1. Dec 8, 2016

### Frank Einstein

1. The problem statement, all variables and given/known data
Hi everybody. I am currently trinyg to solve the first exercice of the fifth chapter of R.R. Rogers book about cloud physics.

"Show that the vapor pressure in equilibrium over a pure water drop of radius r decreases with T if r<2σ/LρL.

2. Relevant equations

es(r)=es(r=infinite)*(2σ/rRvρLT).

This equation relates the vapor pressure of saturation of a drop of radius r and the one from a plain surface.
es is the vapor pressure, r is radius, σ is surface tension, Rv is the gas constant, ρL is density and T is temperature.

3. The attempt at a solution

As far as I understand, I have to derivate es(r) respect to T and see if the result is similar to the crtical radius which value is 2σ/RvρLTlnS.

If I have understood correctly, none of the values in the expression of es depends on T, therefore d/dT=∂/∂T. If I derivate exp(a/T) I obtain -a*exp(a/T)/T2. This expression doesn't look like the one expressed in the upper paragraph.
Note: a=2σ/rRvρL

If someone could give me some guidance I would be extremley grateful.

2. Dec 8, 2016

### haruspex

What is L there (not the subscript, the other one)?
Are you saying svp does not depend on temperature? That would be a controversial claim.
For the question to make sense es(∞) must depend on temperature. You need to get two terms from the differentiation, one positive, one negative. Which wins will depend on whether r is above or below a threshold.

3. Dec 9, 2016

### Frank Einstein

L is the latent heat of evaporation.

In the book I can't find the value of es(r=infinite) so I just assumed that it didn't change.

4. Dec 9, 2016

### haruspex

Well, it must change, but I don't understand this equation:
Where did you get that from? It looks extremely unlikely to me. As r tends to infinity, the factor on the right after the asterisk should tend to 1.

5. Dec 9, 2016

### Frank Einstein

Is the equation 6.1 from the book A Short Course in Cloud Physics. It is in page 84. If you wish, you can find it here:
https://es.scribd.com/doc/293198948/A-Short-Course-in-Cloud-Physics-pdf

6. Dec 9, 2016

7. Dec 9, 2016

8. Dec 9, 2016

### haruspex

Last edited by a moderator: May 8, 2017
9. Dec 9, 2016

### Frank Einstein

I'm sorry. I didn't realize. I posted it in a hurry and I didn't realize. I apollogize for the inconvenience I have caused you.

But still I have the same problem that I started with. In the attempted solution, I derivate the propper expression and I don't find the anwser I seek.

Then If I have understood you correctly, I have to seek the expression of es(r=infinite) and try to add it to the derivate to try to obtain the expression of the crytical radius?

10. Dec 9, 2016

### haruspex

You would have to apply the product rule.
I tried working backwards from the thing to be proved and arrived at $e_s(\infty)=Ae^{-\frac L{R_vT}}$ for some constant A. I must say the curves I've seen for svp do not look much like that.

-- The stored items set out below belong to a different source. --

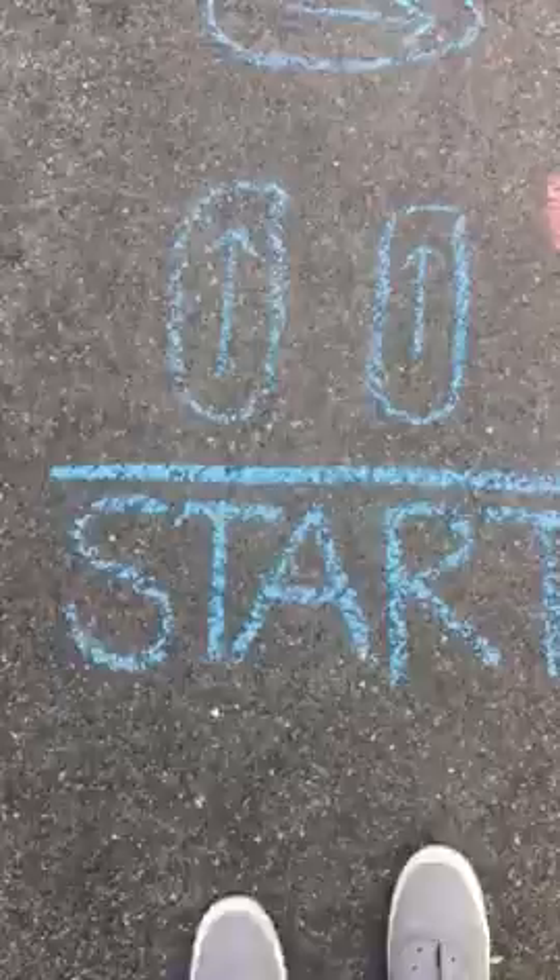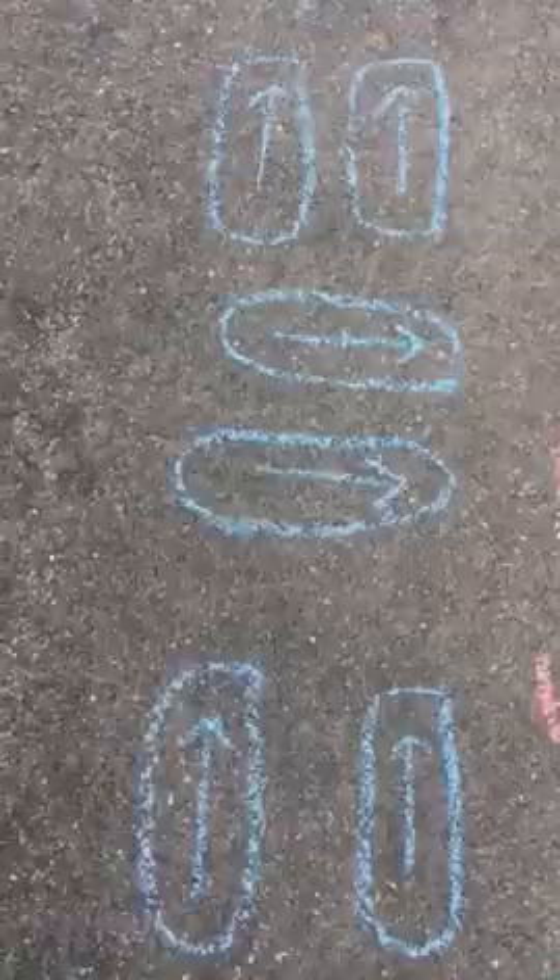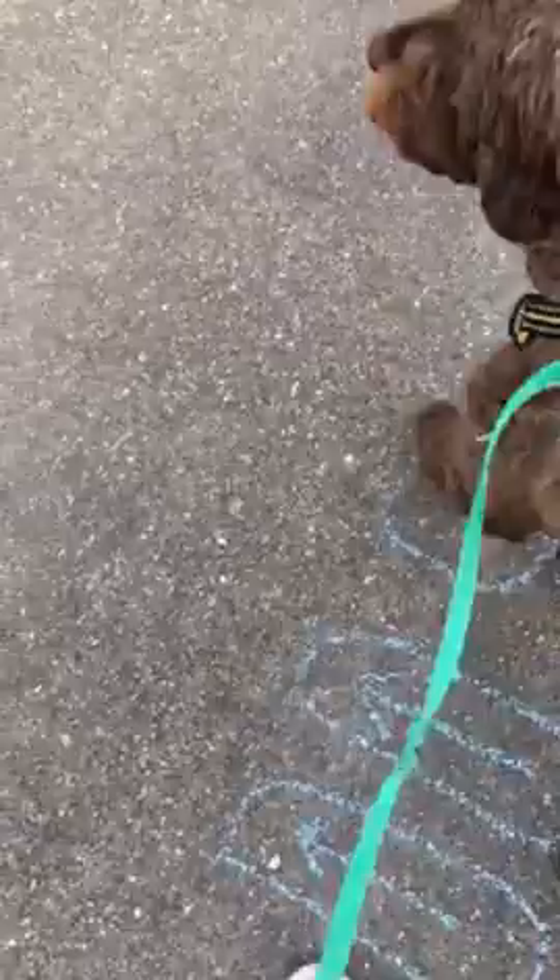So you're gonna start and you're gonna jump with two feet forward, follow the arrows, jump to the right, jump two feet forward, follow the arrows, jump two feet to the left, and jump two feet forward.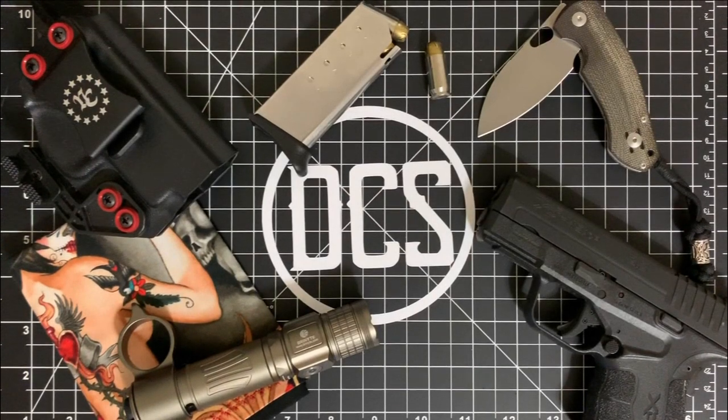Hey, what is up DCS crew? It is Carlos back at it today with a very important video about something I think is lacking from a lot of EDC channels. Mine was lacking one very important piece of gear and that's an IFAC, which is an individual first aid kit.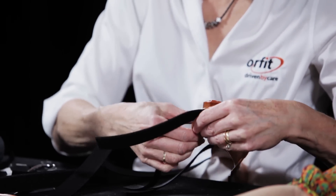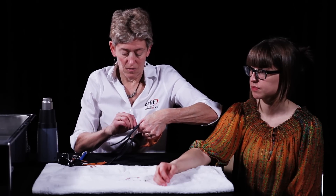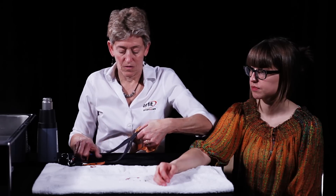Heat a small scrap of thermoplastic material with the heat gun until melted and press into the hole of the Velcro loop strap for a decorative button.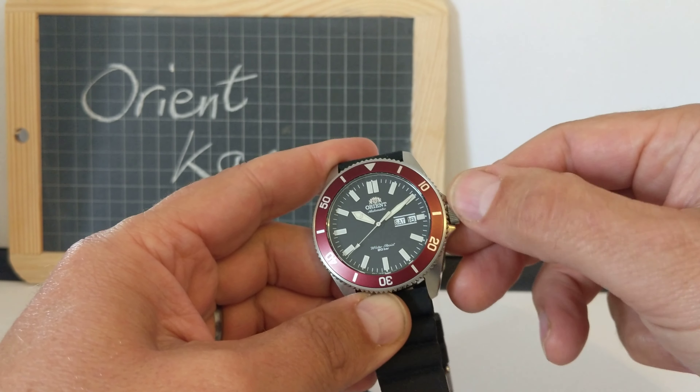It's got a screw-down crown — let's undo that. It has a hacking movement, so if you pull the crown out the second hand stops. Everything else is kind of standard: change the date and day with the crown. It also has hand winding. The movement is the Orient caliber F6922, automatic, hand winding, hacking movement.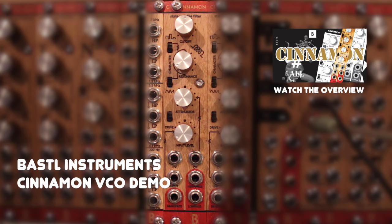Hello there! After the quick overview video about the Bustle Instruments Cinnamon Filter, I want to show you more of its VCO capabilities now.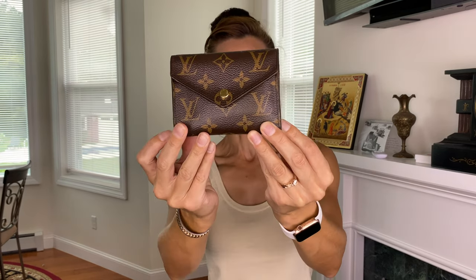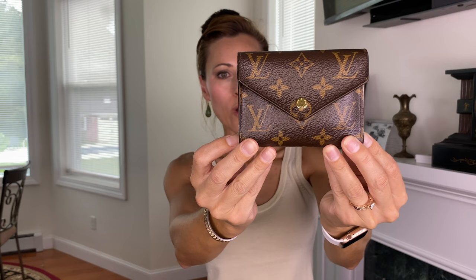Welcome back to my channel. One of my viewers asked if I would do a review of this wallet, and I'm happy to do so. This is the Louis Vuitton Victorine wallet in the monogram print and the gold hardware. This wallet retails new for $575. However, they are available on the secondhand market, and I was able to find this particular wallet in really excellent condition for much less.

Edit: but it seems like it might follow by combining Clausius-Clapeyron with PV=nRT.
In the C-C equation, I guess you can take Δv as the V of the gas, since the liquid phase has almost no volume in comparison.

Last edited: Dec 9, 2016
11. Dec 10, 2016

### Frank Einstein

After some more thoght I think I can use Classius Clapeyro equation to solve this problem.

Thak you very much for the help

12. Dec 10, 2016

### haruspex

You are welcome.
I wrote earlier that the shape of y=e-1/x seemed wrong for the svp curve, but later I looked more carefully and realised it looks right in the small x region. The larger x regions are probably beyond the range of interest for engineers, so do not appear in published svp curves.
It is quite an interesting curve. Zero gradient at the origin, curving swiftly upwards, in a roughly circular arc, through a point of inflection, then levelling off to a horizontal asymptote.